Gloomy mornings, gloomier evenings, and the cold, miserable weather got you feeling blue? You’re not alone. ‘Winter Blues’ or seasonal affective disorder (SAD) is thought to affect around 2 million people in the UK. But get ready to feel a whole lot better- we’ve got the lowdown on how to flip the happy switch.
The clocks go back, the days get shorter and our shadows become longer! Have you noticed a change in the length of your shadow? This change actually signals to us that our bodies are no longer able to produce Vitamin D - the sunshine vitamin.
Do some of these symptoms sound familiar?
Lethargy (lack of energy and enthusiasm)
Why do we feel like this?
When our bodies are exposed to less sunlight in the autumn/winter months, our mental health pays for it.
Reduced exposure to sunlight disrupts our biological clock (circadian rhythm), causes a drop in serotonin (a brain chemical that controls our mood and is responsible for our happiness) and disrupts the body’s melatonin levels. Melatonin is the hormone that helps control our sleep cycle and this can become unbalanced. Leaving us feeling pretty blue.

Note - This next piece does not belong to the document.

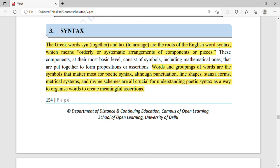Words and grouping of words are the symbols that matter most for poetic syntax. All together, punctuation, line shapes, stanza forms, metrical systems, and rhyme schemes are all crucial for understanding poetic syntax as a way to organize words to create meaningful assertions. Words and their groupings are a major element of poetic syntax, and punctuation is a very general part of English grammar.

Breathing colder, drier, air can change how the immune system operates. When our bodies are cold, the protective mucus in our nose becomes dry and is less efficient, and fighting viruses such as the common cold, the flu and COVID-19 feel like swimming against the tide - hard!
Physically the ‘winter blues’ make us feel like many small mammals and the desire to wrap ourselves up in a big duvet, with a bunch of carbs and hibernate through the cold months feels like the answer. Ironically, it’s the complete opposite that will defeat this feeling.
Beating the Blues
When our shadows overtake us in winter months, our bodies are less likely to produce Vitamin D. A daily intake of 25-100ug via supplementation is enough for most of us during the winter months.
(Psst- that’s why we include at least 25ug of Vitamin D in every Tonic Drink)
2. Establishing a Regular Sleep Schedule
Whatever time you choose, waking up and going to sleep at the same time every day is important. It will help keep your body clock in check, but how much sleep do you need?
(Don't forget to get yourself mellowed out and ready for bed. Maybe with a night time tea, a relaxing bath or a Tonic Night time Immunity Drink.)
3. Get Outside
As often as you can, get outside. Especially on those cold but sunny days; exposure to the sun literally helps the brain work better. This happens because a gland in the brain, called the pineal gland, produces melatonin. It’s an impressive antioxidant used throughout the body, for things like proper sleep, intestinal health, as well helping to prevent depression.
4. Eating Healthy
Don't sit on the sofa with a big bag of crisps or your favourite comfort food, help your immune system to fight off seasonal viruses by eating healthy. A healthy diet will boost mood, increase your energy, and help reduce weight gain through the winter months.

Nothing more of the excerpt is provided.